The Power Sled Workout
Power training is a great way for athletes and fitness enthusiasts to increase functional strength, conditioning and performance. Listed below is an in-depth power sled workout that you can incorporate into your fitness routine.
The Warm-up
Your warm-up should resemble your workout as closely as possible, but should increase your heart rate and warm your muscles and joints at the same time. Spend at least five minutes with jumping jacks, squats, push-ups, and light jogging to raise your heart rate and warm the body.
The Workout
Bear Crawls. Pulling a weighted sled with a strap around your shoulders while mimicking a bear crawl is a great way to start your workout. Start out with a distance of about 100 meters, going as fast as you can.
Sled Dragging. Following the bear crawls, you should unstrap the shoulders, grab a hold of the straps with your hands, and begin to back pedal back to your starting point. It will be pretty tough about mid-point of the sled drags, but keep a consistent pace throughout. You will traverse over a distance of about 100 meters.
Chest Press. Your task is to use your straps to perform a standing chest press. Perform one rep and the sled moves close to you. You will then step forward and perform another rep. Complete enough chest presses so that you travel a distance of 50 meters.
Standing Rows. Keeping the same premise as the exercise before, your task is to complete standing rows over the distance of 50 meters to where you started. The best way to move the sled is to use power in your trapezius and rhomboids. This will enable the sled to gain enough momentum to travel a great distance; otherwise you will need to perform double the reps to reach the distance.

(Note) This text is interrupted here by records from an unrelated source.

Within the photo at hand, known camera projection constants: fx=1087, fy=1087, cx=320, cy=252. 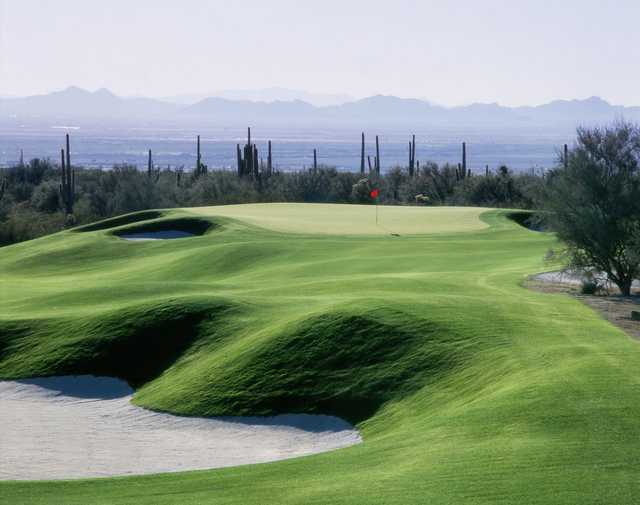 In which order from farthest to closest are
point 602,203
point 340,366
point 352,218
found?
point 352,218 < point 602,203 < point 340,366

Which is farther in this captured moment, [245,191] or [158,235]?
[245,191]

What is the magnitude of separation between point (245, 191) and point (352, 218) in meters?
25.4

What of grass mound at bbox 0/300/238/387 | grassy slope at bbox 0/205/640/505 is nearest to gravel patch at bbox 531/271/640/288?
grassy slope at bbox 0/205/640/505

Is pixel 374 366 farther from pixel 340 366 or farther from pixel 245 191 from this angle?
pixel 245 191

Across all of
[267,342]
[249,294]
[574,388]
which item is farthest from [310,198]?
[574,388]

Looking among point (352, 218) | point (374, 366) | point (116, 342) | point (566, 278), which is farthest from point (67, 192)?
point (374, 366)

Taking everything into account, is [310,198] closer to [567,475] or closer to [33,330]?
[33,330]

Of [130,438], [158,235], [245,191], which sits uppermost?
[245,191]

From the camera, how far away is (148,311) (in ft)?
83.0

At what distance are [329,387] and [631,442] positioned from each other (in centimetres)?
732

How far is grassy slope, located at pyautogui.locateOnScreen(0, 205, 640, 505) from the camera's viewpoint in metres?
12.9

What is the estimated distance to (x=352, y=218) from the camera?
5272 centimetres

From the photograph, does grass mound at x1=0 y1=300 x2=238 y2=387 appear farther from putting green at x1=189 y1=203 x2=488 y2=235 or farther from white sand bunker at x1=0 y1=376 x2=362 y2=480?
putting green at x1=189 y1=203 x2=488 y2=235

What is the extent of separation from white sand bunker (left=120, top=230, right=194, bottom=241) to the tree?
2295cm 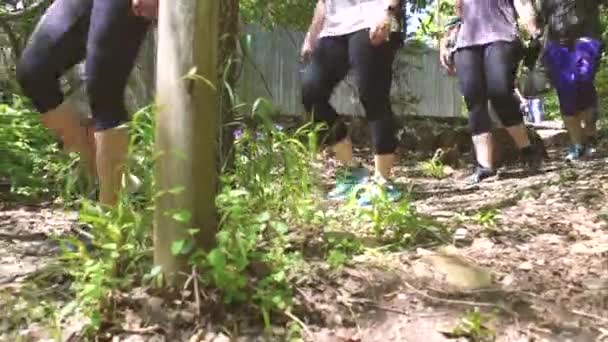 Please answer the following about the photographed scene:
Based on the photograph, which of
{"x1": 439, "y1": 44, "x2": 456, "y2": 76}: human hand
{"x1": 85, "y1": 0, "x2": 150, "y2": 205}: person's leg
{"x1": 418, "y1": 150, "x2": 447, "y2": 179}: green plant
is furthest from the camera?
{"x1": 418, "y1": 150, "x2": 447, "y2": 179}: green plant

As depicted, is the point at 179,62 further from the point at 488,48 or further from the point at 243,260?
the point at 488,48

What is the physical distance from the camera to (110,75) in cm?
312

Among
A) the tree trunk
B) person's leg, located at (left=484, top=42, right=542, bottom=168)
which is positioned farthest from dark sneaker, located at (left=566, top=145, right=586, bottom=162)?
the tree trunk

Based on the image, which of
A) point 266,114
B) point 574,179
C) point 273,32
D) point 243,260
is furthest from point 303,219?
point 273,32

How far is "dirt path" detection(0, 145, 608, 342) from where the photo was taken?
238 cm

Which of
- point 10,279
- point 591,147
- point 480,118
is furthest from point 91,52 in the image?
point 591,147

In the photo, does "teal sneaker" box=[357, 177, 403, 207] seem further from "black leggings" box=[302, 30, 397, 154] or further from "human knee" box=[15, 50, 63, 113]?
"human knee" box=[15, 50, 63, 113]

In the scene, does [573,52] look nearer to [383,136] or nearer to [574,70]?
[574,70]

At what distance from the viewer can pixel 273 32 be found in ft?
35.2

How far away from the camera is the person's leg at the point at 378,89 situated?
13.2 ft

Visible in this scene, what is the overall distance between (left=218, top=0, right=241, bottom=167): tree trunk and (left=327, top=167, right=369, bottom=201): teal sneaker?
0.88 metres

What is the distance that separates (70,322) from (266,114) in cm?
102

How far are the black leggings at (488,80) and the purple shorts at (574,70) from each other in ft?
4.23

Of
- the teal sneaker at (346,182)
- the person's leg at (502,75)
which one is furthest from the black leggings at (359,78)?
the person's leg at (502,75) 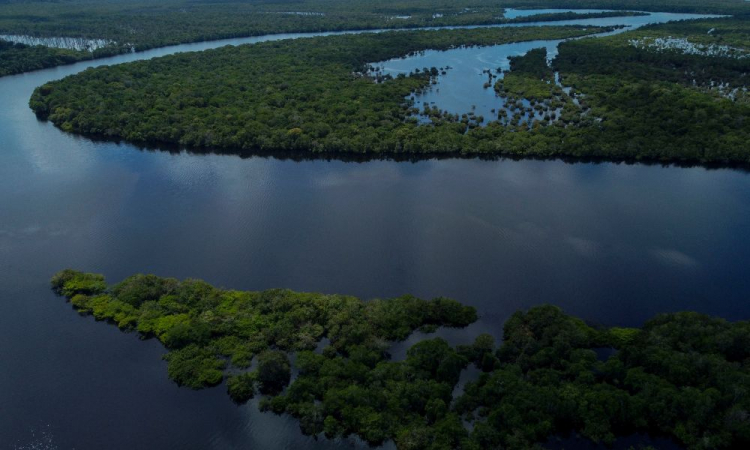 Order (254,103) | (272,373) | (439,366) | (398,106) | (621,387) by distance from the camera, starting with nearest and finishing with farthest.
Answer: (621,387) < (439,366) < (272,373) < (398,106) < (254,103)

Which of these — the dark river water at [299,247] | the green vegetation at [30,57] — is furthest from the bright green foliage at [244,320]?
the green vegetation at [30,57]

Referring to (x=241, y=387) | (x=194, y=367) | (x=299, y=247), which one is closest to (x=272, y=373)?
(x=241, y=387)

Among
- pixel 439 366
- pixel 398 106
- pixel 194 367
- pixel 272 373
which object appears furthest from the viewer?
pixel 398 106

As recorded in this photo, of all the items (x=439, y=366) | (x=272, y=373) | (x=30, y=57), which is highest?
(x=30, y=57)

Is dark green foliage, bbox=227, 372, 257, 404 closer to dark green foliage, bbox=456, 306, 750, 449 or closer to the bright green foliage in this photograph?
the bright green foliage

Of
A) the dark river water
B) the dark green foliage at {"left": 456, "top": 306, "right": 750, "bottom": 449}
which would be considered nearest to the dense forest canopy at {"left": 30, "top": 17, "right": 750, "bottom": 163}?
the dark river water

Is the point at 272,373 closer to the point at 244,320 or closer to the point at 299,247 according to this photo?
the point at 244,320

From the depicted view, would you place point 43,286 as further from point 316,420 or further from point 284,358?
point 316,420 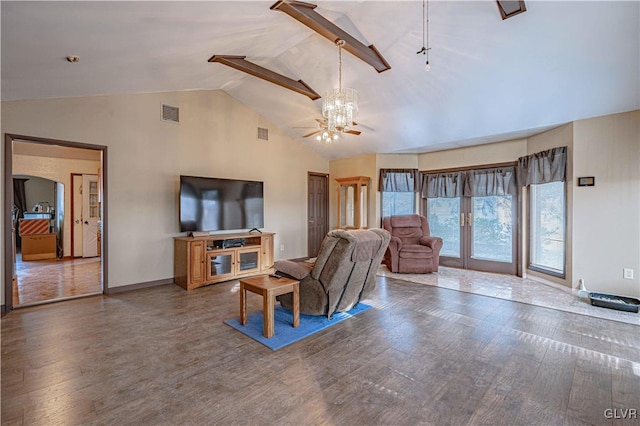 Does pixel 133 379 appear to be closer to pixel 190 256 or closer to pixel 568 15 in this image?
pixel 190 256

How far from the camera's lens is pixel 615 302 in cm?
367

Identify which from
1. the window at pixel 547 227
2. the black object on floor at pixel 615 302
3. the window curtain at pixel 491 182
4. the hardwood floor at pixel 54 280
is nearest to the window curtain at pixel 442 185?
the window curtain at pixel 491 182

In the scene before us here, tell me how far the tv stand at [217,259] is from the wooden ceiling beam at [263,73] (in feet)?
8.78

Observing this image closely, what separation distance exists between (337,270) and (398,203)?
425cm

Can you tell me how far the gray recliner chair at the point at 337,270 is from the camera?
3039 millimetres

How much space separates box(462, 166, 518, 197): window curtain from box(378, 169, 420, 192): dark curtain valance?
1.05m

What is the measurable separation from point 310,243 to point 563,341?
209 inches

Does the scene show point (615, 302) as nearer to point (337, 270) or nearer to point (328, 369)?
point (337, 270)

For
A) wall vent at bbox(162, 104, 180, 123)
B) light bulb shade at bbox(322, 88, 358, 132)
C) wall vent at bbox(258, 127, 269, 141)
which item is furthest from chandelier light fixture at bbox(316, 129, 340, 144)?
wall vent at bbox(162, 104, 180, 123)

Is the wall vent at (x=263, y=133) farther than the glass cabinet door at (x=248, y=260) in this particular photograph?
Yes

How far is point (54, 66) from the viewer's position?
305cm

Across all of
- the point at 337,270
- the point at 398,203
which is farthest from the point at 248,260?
the point at 398,203

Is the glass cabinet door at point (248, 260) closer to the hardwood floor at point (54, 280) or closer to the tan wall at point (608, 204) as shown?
the hardwood floor at point (54, 280)

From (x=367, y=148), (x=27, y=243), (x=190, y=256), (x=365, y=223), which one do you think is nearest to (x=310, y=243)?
(x=365, y=223) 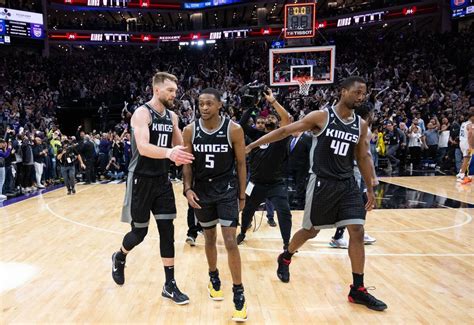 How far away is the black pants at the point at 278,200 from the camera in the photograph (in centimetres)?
488

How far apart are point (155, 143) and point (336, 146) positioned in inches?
64.9

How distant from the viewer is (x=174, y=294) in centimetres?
363

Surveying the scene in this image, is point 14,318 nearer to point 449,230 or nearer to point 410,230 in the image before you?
point 410,230

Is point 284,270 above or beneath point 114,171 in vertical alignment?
above

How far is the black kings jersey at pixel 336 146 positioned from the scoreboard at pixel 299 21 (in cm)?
1306

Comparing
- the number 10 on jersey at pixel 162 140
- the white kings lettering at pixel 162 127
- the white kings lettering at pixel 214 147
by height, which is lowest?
the white kings lettering at pixel 214 147

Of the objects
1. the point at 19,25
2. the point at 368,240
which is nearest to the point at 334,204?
the point at 368,240

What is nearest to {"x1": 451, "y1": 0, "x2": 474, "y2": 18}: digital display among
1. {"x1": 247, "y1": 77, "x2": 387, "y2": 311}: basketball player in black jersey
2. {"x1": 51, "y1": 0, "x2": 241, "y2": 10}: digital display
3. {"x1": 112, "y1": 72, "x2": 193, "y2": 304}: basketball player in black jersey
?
{"x1": 51, "y1": 0, "x2": 241, "y2": 10}: digital display

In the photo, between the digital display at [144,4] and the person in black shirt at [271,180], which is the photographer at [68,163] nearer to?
the person in black shirt at [271,180]

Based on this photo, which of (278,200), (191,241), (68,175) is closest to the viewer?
(278,200)

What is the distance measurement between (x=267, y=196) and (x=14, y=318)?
2.96 m

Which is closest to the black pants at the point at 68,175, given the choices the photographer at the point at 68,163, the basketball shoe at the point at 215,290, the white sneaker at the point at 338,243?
the photographer at the point at 68,163

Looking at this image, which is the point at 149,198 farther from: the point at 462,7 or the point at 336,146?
the point at 462,7

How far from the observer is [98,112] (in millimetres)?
22719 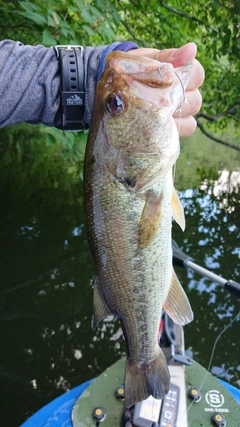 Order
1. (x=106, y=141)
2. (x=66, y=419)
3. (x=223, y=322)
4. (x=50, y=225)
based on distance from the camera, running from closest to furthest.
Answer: (x=106, y=141) → (x=66, y=419) → (x=223, y=322) → (x=50, y=225)

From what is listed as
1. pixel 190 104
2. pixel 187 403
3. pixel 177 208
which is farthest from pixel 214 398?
pixel 190 104

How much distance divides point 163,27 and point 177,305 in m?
5.46

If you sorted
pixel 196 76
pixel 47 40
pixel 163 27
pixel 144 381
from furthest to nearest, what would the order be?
pixel 163 27, pixel 47 40, pixel 144 381, pixel 196 76

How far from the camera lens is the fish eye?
146 centimetres

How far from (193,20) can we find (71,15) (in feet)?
8.89

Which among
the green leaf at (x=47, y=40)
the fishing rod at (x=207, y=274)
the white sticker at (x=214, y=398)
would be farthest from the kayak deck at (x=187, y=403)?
the green leaf at (x=47, y=40)

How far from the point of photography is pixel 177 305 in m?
1.83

Wood Chopping. Use the straps on the sled to prepare for this exercise. You should be in front of your weighted sled and the sled should be at one of your sides. Bring arms straight out in front of your body and perform some horizontal wood chopping to work your abs and obliques. Perform about 50 meters of the wood chops, as you did with the exercises before. Switch sides and return back to where you started to work the other side of your body.
Pull Through Sled Drags. This exercise will mimic a kettlebell swing in that you will pull the sled handles through your legs from a crouched position, as shown here. You will want to keep your glutes down as much as possible during the exercise and explode the sled towards your body. Pull the sled over the distance of about 50 meters for a thigh toning and leg strengthening exercise.
Sprints. Sprinting will be the best aspect of your power workout. Go all out, over the original distance of 100 meters. Yes, this will be a hard exercise and will challenge your cardio, but you will be adding incredible power into your legs and thighs. Run the 100 meters distance, take a 90 second rest, and complete another rep back to your starting point.
Repeat. You made it this far; great job. Now it is time for one more set. Repeat this workout one more time for a second set for a power building workout.
Stretch. You will want to perform range of motion activities and light stretches following your workout. Stretch each major muscle group for 30 seconds each muscle/group and perform two sets each.
Disclaimer: The workout you are about to witness is high-intensity in nature and caution should be used prior to completing the entire prescribed workout. Be sure to consult with your physician if your body is not accustomed to such a workout and as always, have fun.